— TASK ITEM —
Whenever a line below includes the string "para", show it.

— RECORDS SHOWN —
────────
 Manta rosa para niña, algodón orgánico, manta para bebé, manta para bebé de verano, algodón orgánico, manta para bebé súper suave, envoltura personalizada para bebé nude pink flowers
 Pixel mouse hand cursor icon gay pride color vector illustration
────────
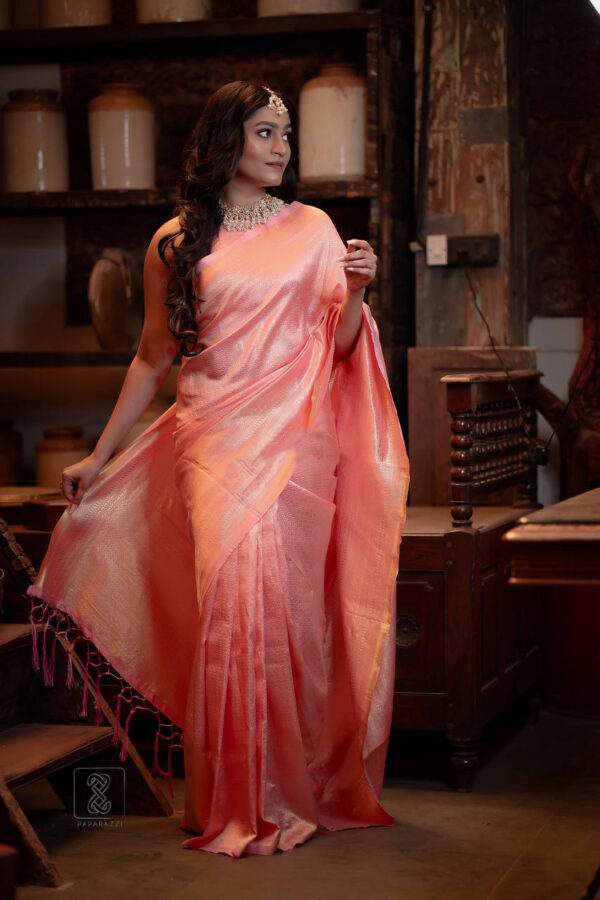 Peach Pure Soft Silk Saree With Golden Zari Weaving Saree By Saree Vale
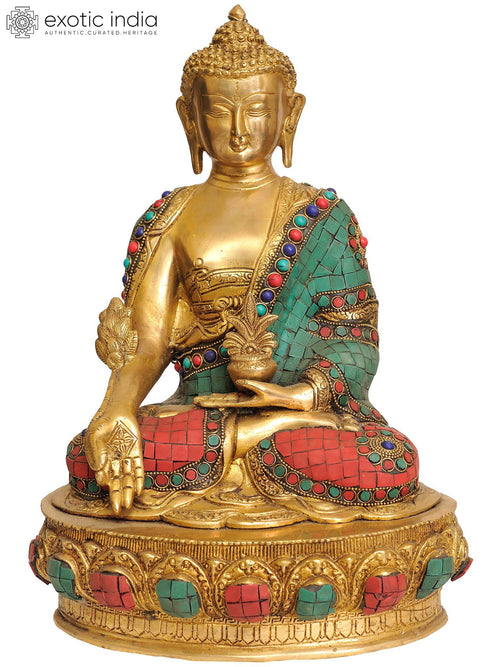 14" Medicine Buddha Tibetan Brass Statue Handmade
────────
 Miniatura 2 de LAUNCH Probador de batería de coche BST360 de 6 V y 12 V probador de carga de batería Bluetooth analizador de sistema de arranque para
────────
— SOLUTION TO THE EXERCISE —
 Manta rosa para niña, algodón orgánico, manta para bebé, manta para bebé de verano, algodón orgánico, manta para bebé súper suave, envoltura personalizada para bebé nude pink flowers
 Miniatura 2 de LAUNCH Probador de batería de coche BST360 de 6 V y 12 V probador de carga de batería Bluetooth analizador de sistema de arranque para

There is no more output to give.